Buildings’ nicknames are the public’s attempt to make sense of the incomprehensible. Several odd-looking London skyscrapers have cheekily illustrative monikers: the Gherkin, the Cheesegrater, the Walkie-Talkie. Angelenos call the mammoth Pacific Design Center the Blue Whale. Beijingites offhandedly refer to the headquarters of China Central Television as Big Underpants. A Shanghai skyscraper with an aperture at the top is the Bottle Opener, and Bilbao has the Artichoke, Frank Gehry’s titanium Guggenheim museum. My favorite is the nickname of an addition to the Stedelijk Museum in Amsterdam—the Bathtub.

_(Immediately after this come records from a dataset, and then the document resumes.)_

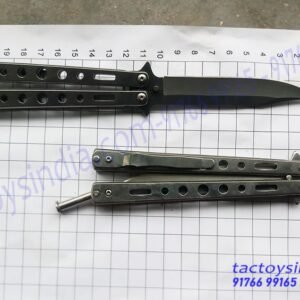 Benchmade Stainless Steel Silver Finish Razor Sharp Flipping Butterfly Balisong Knife Clip Point Tip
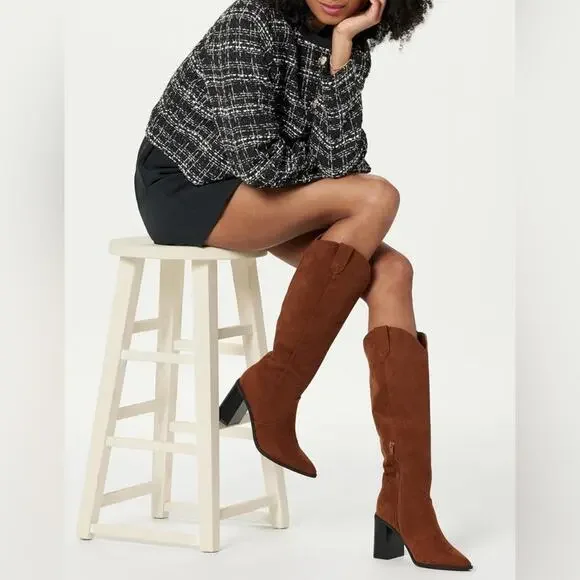 NEW The Drop Women's‎ Cassandra Knee-High Western Boot size 6.5 Brown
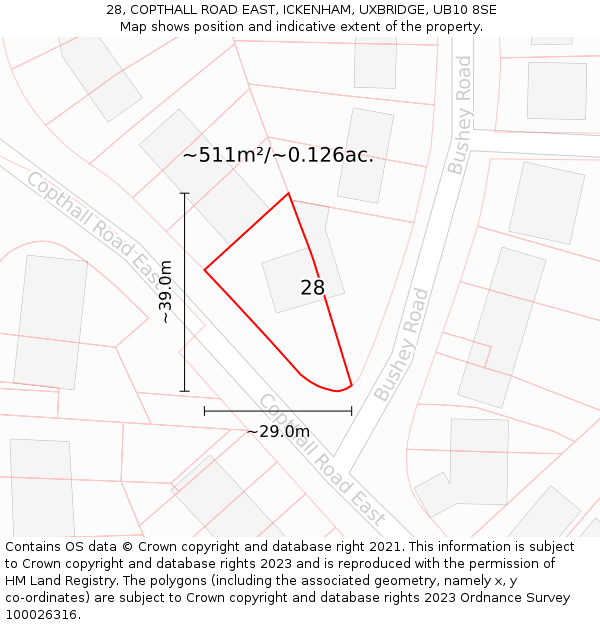 28, COPTHALL ROAD EAST, ICKENHAM, UXBRIDGE, UB10 8SE: Plot and title map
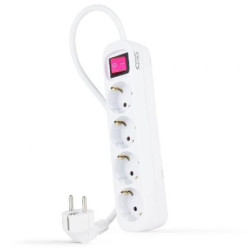 Regleta con Interruptor Nanocable 10.37.0004/ 4 Tomas de Corriente/ Cable 1.4m/ Blanca - 10.37.0004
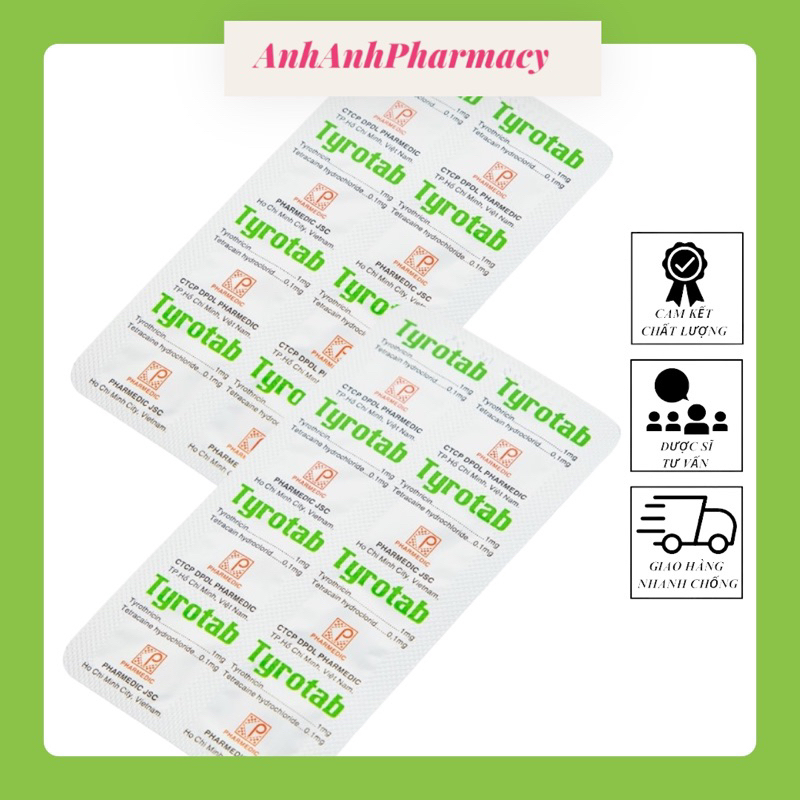 Kẹo ngậm giảm ho, tiêu đàm, thông cổ họng Tyrotab hộp 80 viên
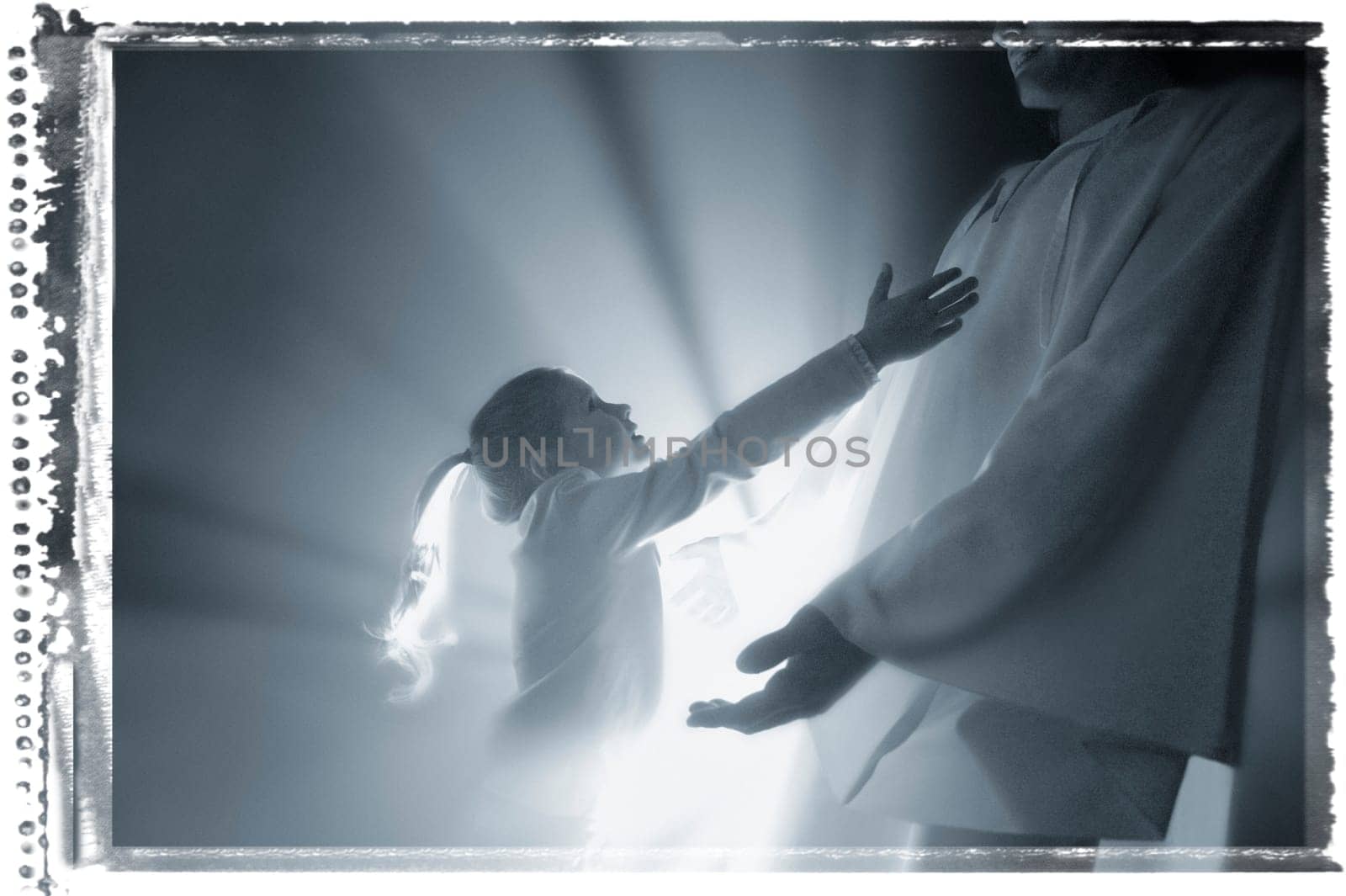 Child runs into the arms of Jesus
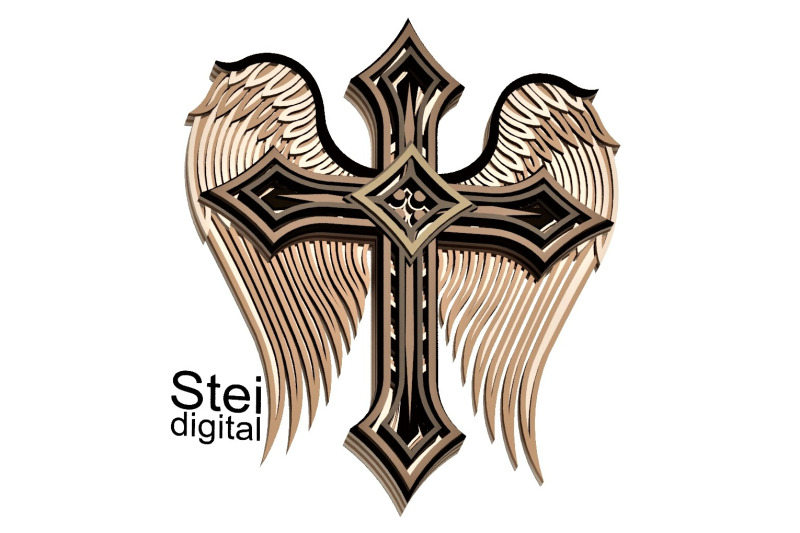 3d-winged-cross-svg-dxf-cut-files-cross-with-wings-svg
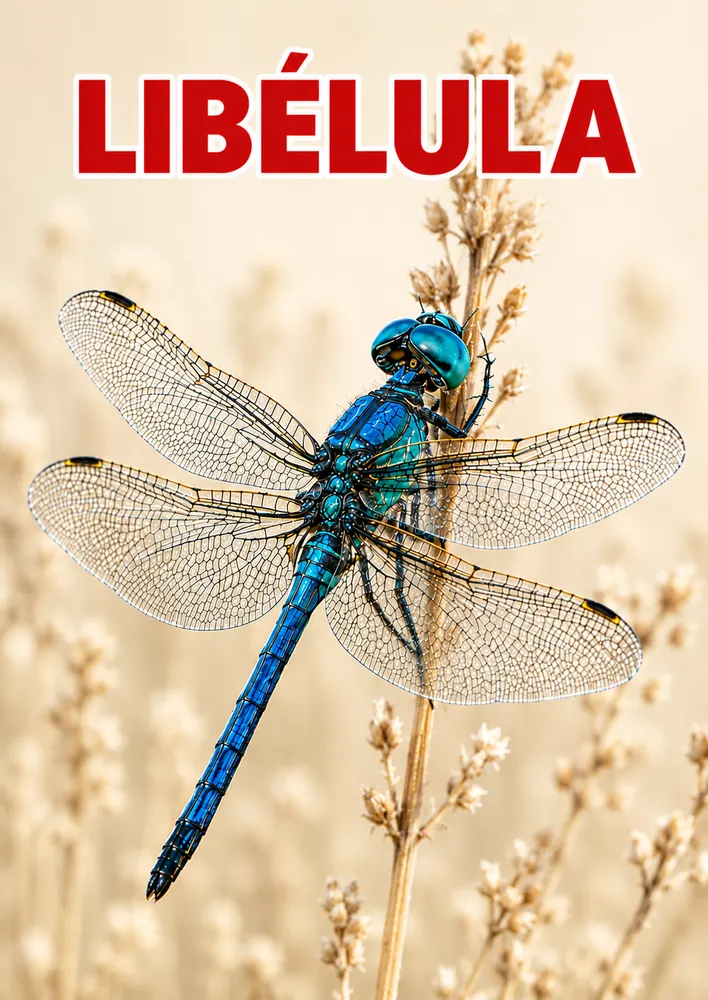 Libélula azul en el trigo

The original Stedelijk Museum, or city museum, was built in 1895 in the style of the sixteenth-century Dutch Renaissance. The gingerbread red-brick building with pale stone stripes is pretty as a picture. The 2012 modern addition, which doubled the size of the museum, is the work of the Amsterdam architectural firm Benthem Crouwel. The competition-winning design ignores its neighbor and obviously aspires to be the Dutch equivalent of the Bilbao Guggenheim, an in-your-face architectural icon. From certain angles, the windowless white form, raised in the air and covered in a reinforced synthetic fiber finished in glossy white paint, really does resemble a giant hot tub. Michael Kimmelman of the New York Times observed that “entering an oversize plumbing fixture to commune with classic modern art is like hearing Bach played by a man wearing a clown suit.” Not good.

“Good architecture can be startling, or at least might not look like what we are used to,” writes the critic Aaron Betsky in Architect magazine. “Experimentation can sometimes look weird at first, but it is a necessary part of figuring out how to make our human-built world better.” Now so used to buildings that break the bounds of convention, we find the suggestion that experimentation is an essential part of good architecture unremarkable, even banal. But is it true?